Monday, July 12, 2021

Think You Can Make Some Money in Real Estate?

Have you been watching the skyrocketing prices and see potential in the real estate for making some good money, but you aren't sure you want to have a go at it by yourself? Well that is a very real concern. Along with big profits there some comes the possibility of suffering some big losses during times like these if you aren't careful. If you want to begin investing, just remember, you don't know what you don't know. I should add right now, this is not a pitch for some high priced training. Some is good, but you won't find it here.

If you have the idea of buying a property cheap and selling it at today's inflated prices, remember that “cheap” is a relative term. Even people who own terrible places see the prices going up, and, naturally, they want their share of the prosperity. I was at an auction several years ago where the house needed quite a bit of work, including a complete heating system as someone removed the old one – including the duct work. The pros shut down when the price reached about $75K. However two women, looking for a ”bargain” ran the price up to around $130K. That is pretty close to what they place would have been worth after fixing.

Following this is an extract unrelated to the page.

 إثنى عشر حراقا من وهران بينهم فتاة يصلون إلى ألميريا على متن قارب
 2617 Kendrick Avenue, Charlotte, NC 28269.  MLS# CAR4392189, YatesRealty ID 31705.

You have to watch what you are doing.

What the Pros Do

Even experienced real estate wizards don't operate as one man bands. Some may seem to be that way, but everyone needs connections to a title company that understand investors, possibly an attorney, real estate agents – even though most rarely buy through the MLS, contractors, a source of financing (unless you are independently wealthy) and, often, a good property manager along with other supporting characters you will meet along the way. Where do you round up a team that will help you build your business? This is a subject for another day but a good place to start is the local REIA group. Many people there can help you make the contacts you need. Just keep your eyes open as there are occasionally some sharks who will be only too happy to help you shed your invesment capital. I once sat across a table from a guy who was offering hard money at 15% with 5 points. I wasn't interested in building his retirement account.

You Don't Have To Go It Alone

For those who aren't quite ready to jump in with both feet there are several alternatives to consider. You can look at investor groups and REITs. Each one appeals to a different type if investor depending on their financial capability, time availability, and risk aversion – to name a few factors.

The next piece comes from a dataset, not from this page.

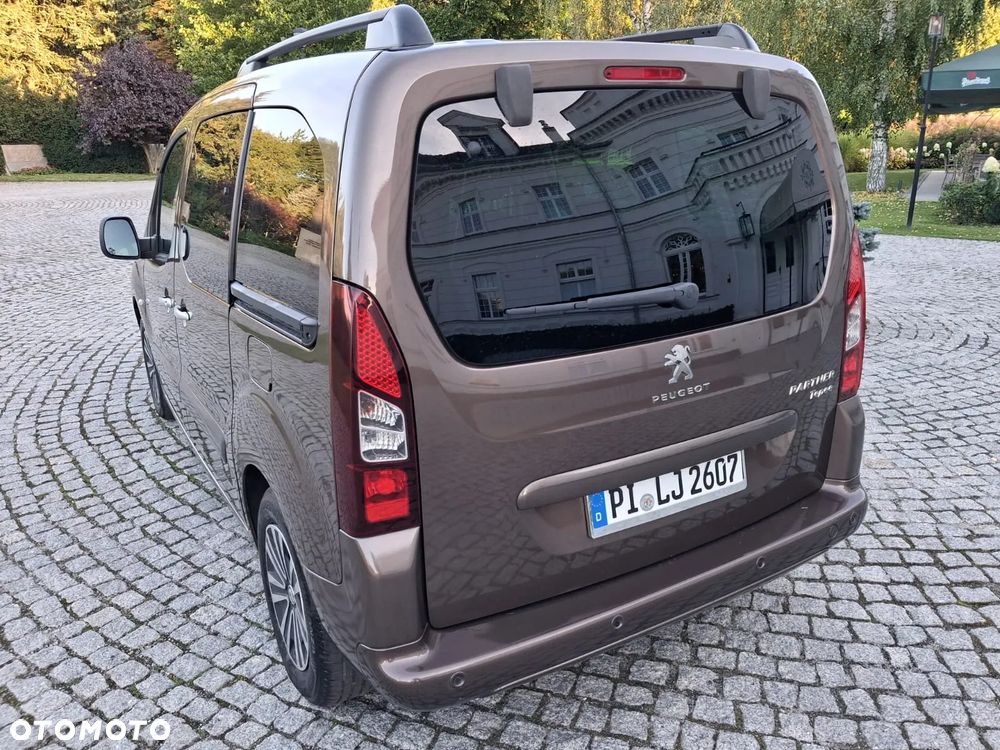 Peugeot Partner 120 VTi Style - 29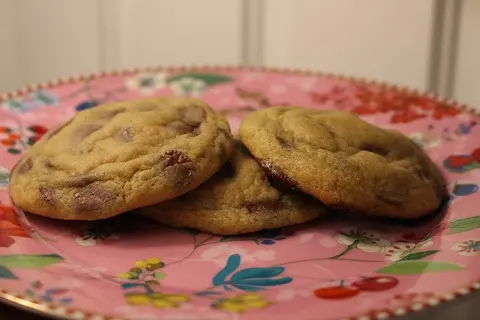 نستقبل طلباتكم الأن♥️ #cookies #neiman_marcus_cookies #Vanilla #chocolate_chip_cookie #Rich #buttery #chocolate #Coffee #شوكولاته #ڤانيلا #الرياض #قهوة #قهوة_مختصة_الرياض #كوكيز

With investor groups, members pool their capital and, as a group, buy, rehab and manage investment properties. There are various structures and goals. Some buy and hold properties. Some rehab and flip them. Some concentrate on commerical deals. In any case, the newcomer can get an idea of how things are done. The down side is it would take a chunk of money to join the group and memberships are not particularly liquid – but then neither is actual real estate ownership. However you may get a taste of what is involved and make contacts useful in the future.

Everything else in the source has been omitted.